> _Assignment_
Print each line exactly, from the one with "جشن ایرانمون در شهرستان مانه" to the very last line of the listing, and keep the pictures out.

> _Data listing_
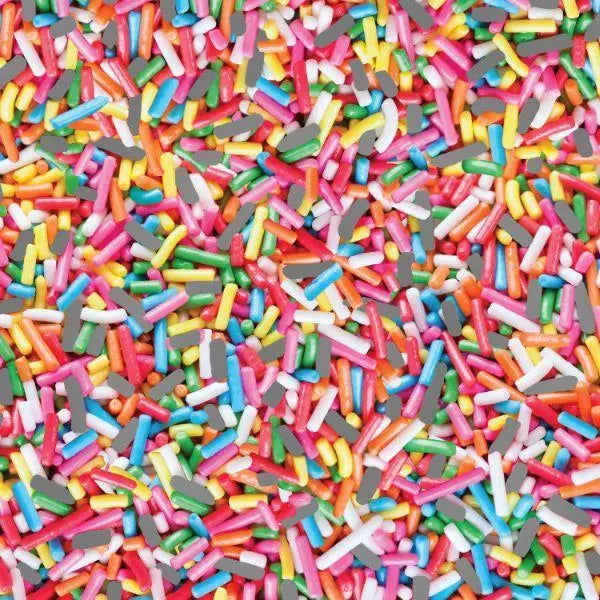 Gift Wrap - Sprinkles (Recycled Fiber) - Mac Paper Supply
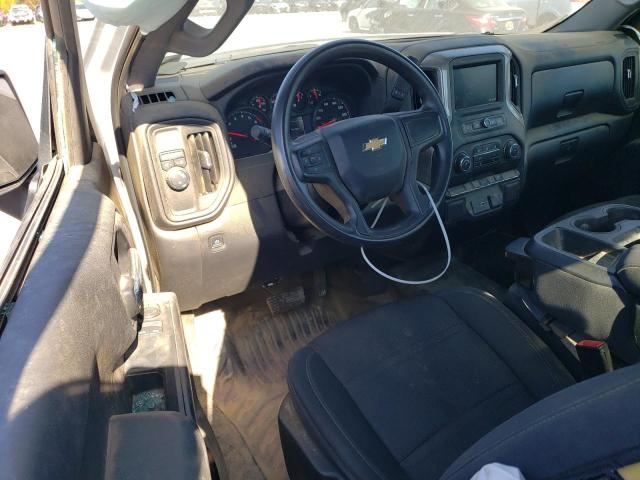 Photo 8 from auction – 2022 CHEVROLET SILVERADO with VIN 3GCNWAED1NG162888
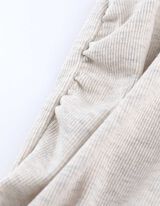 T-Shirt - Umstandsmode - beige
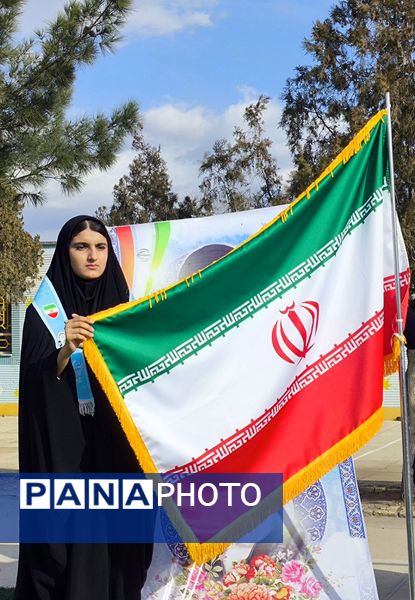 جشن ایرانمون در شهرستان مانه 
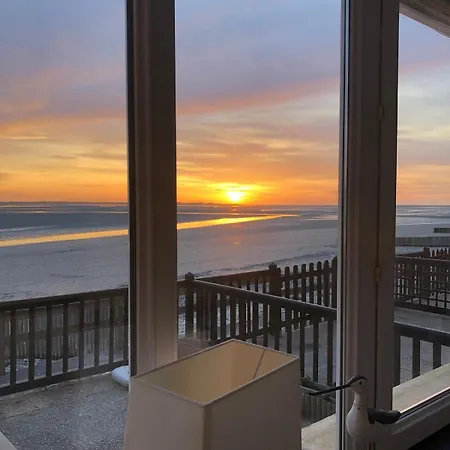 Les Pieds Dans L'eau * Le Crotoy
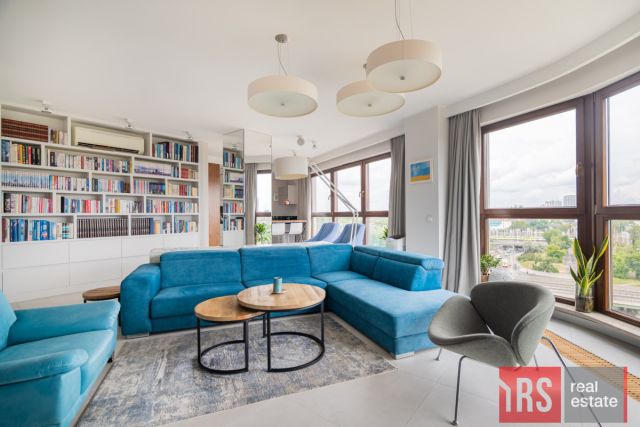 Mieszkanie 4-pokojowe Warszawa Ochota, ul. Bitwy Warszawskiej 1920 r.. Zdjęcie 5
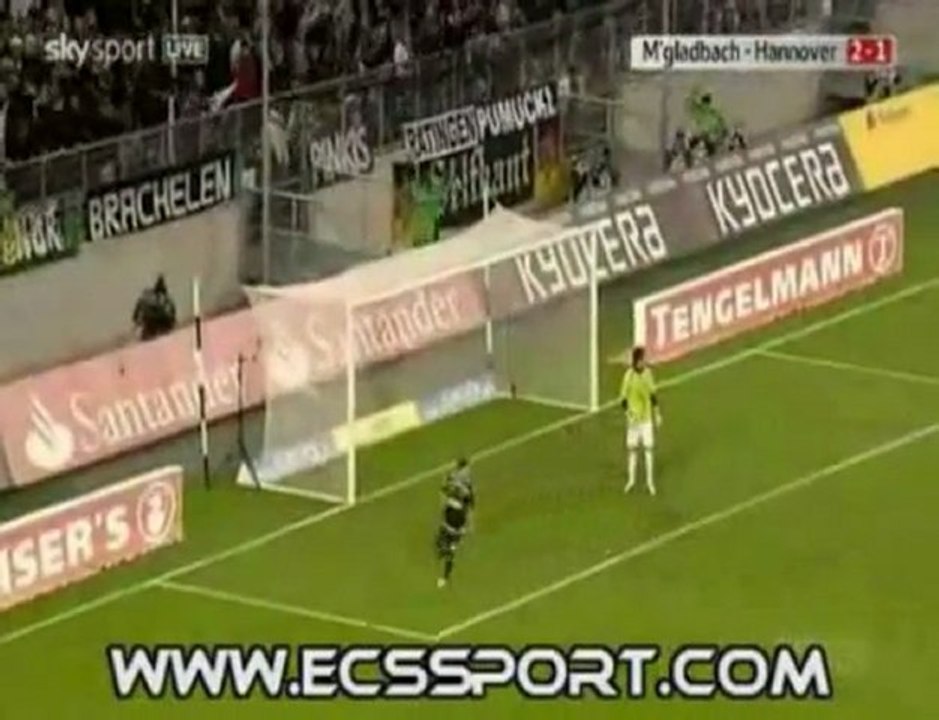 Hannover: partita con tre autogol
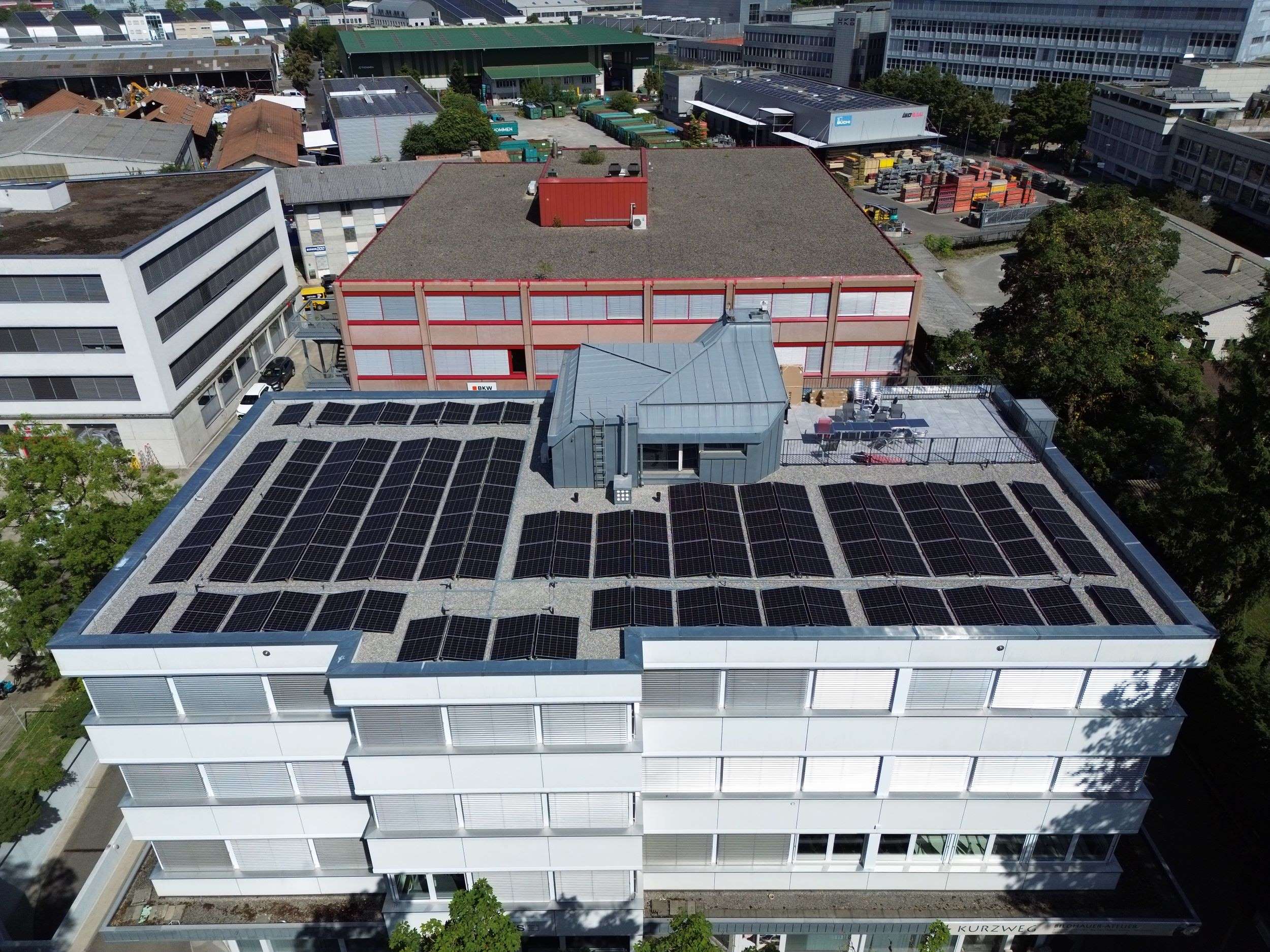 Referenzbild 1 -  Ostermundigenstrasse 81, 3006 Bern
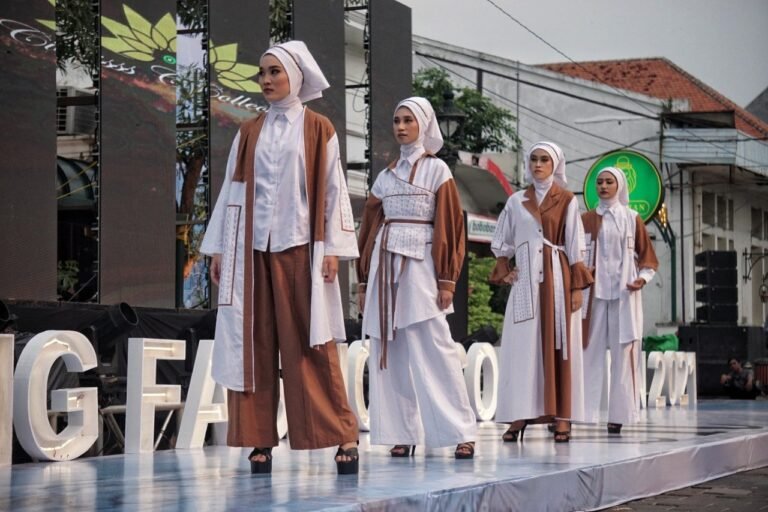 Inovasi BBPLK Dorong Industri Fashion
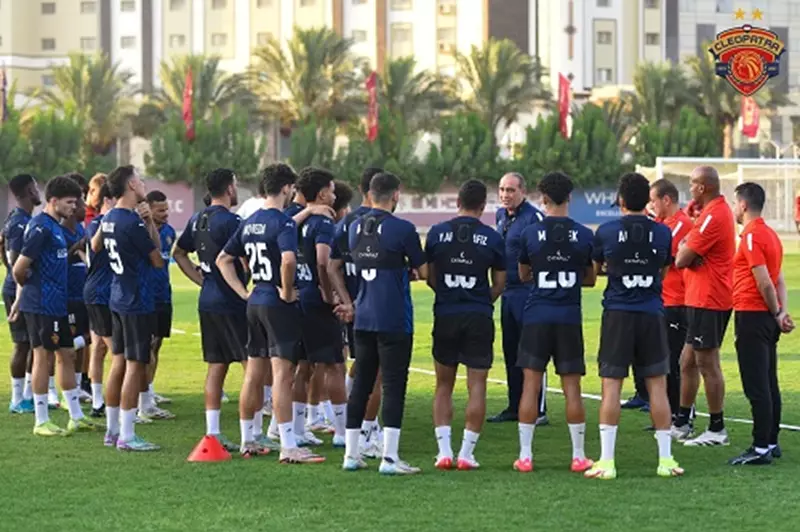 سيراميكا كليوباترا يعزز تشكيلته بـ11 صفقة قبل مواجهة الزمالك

> _Response for this exercise_
 جشن ایرانمون در شهرستان مانه 
 Les Pieds Dans L'eau * Le Crotoy
 Mieszkanie 4-pokojowe Warszawa Ochota, ul. Bitwy Warszawskiej 1920 r.. Zdjęcie 5
 Hannover: partita con tre autogol
 Referenzbild 1 -  Ostermundigenstrasse 81, 3006 Bern
 Inovasi BBPLK Dorong Industri Fashion
 سيراميكا كليوباترا يعزز تشكيلته بـ11 صفقة قبل مواجهة الزمالك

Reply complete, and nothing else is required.